**Exercise**
In the records below, locate the line containing "Sony Playstation Ps-5 Orignal New Model", then output that line and all later lines exactly, through the last one.

**Short web captions**
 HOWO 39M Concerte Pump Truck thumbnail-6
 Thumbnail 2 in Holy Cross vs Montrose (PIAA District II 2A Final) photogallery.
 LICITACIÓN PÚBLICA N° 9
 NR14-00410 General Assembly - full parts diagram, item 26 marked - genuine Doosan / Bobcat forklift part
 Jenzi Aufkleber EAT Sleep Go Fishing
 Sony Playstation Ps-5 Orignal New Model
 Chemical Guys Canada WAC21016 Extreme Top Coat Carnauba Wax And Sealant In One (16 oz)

**Expected answer**
 Sony Playstation Ps-5 Orignal New Model
 Chemical Guys Canada WAC21016 Extreme Top Coat Carnauba Wax And Sealant In One (16 oz)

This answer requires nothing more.